The LFS sold me a 'serpent star' that the more info I see online doesn't really look like one. I saw a brittle star in a different store today, and mine has spines exactly like that except the central disc is striped - its yellowish green. I've been trying to get a good pic to ID but it hides from me.

Yesterday's readings:
NO3 - 20
NO2 - 0
KH - 120
pH - 8.4
NH3/NH4 - 0
Ca2 - 480
PO4 - 0.5
SG - 1.21
81 deg. F

I used treated tap water to start the tank and D.O. water for changes since then.


----------



## River (Aug 27, 2007)

I just caught the serpent star on camera, and posted a couple pics in the aquarium section, along with an ID thread in the Reef/Invert section.


----------



## onefish2fish (Jul 22, 2008)

the algaes feeding off the nitrate and phosphates. sometimes with alot of algae present you wont see an accurate reading of the two because the algae has been using them. 

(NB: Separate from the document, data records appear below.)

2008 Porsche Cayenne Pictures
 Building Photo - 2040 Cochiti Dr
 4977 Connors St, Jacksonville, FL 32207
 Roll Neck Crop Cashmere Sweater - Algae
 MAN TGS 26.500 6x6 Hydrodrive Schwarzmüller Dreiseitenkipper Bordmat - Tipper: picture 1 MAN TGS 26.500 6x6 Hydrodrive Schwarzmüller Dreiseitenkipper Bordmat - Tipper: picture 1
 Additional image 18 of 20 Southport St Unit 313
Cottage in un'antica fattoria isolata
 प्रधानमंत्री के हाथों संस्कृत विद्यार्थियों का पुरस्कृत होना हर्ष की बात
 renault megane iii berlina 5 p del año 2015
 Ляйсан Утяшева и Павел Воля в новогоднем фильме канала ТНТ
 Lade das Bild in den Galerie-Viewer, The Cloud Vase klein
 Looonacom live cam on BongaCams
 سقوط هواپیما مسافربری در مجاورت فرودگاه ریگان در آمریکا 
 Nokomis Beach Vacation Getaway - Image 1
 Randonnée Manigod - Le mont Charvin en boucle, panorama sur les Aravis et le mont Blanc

what and how often do you feed? certain foods should be pre-rinsed with alittle R/O or tank water and drained prior to feeding. another problem may be over feeding.


----------



## River (Aug 27, 2007)

I've been feeding 1/2 cube of the Formula One Prime Reef daily for the clowns, although everyone comes out to play at feeding time. I did a 10% water change last night and will wait a couple days before doing another. I just bought a d.o. filter so that's a step in the right direction (before I was buying buckets from the LFS).


----------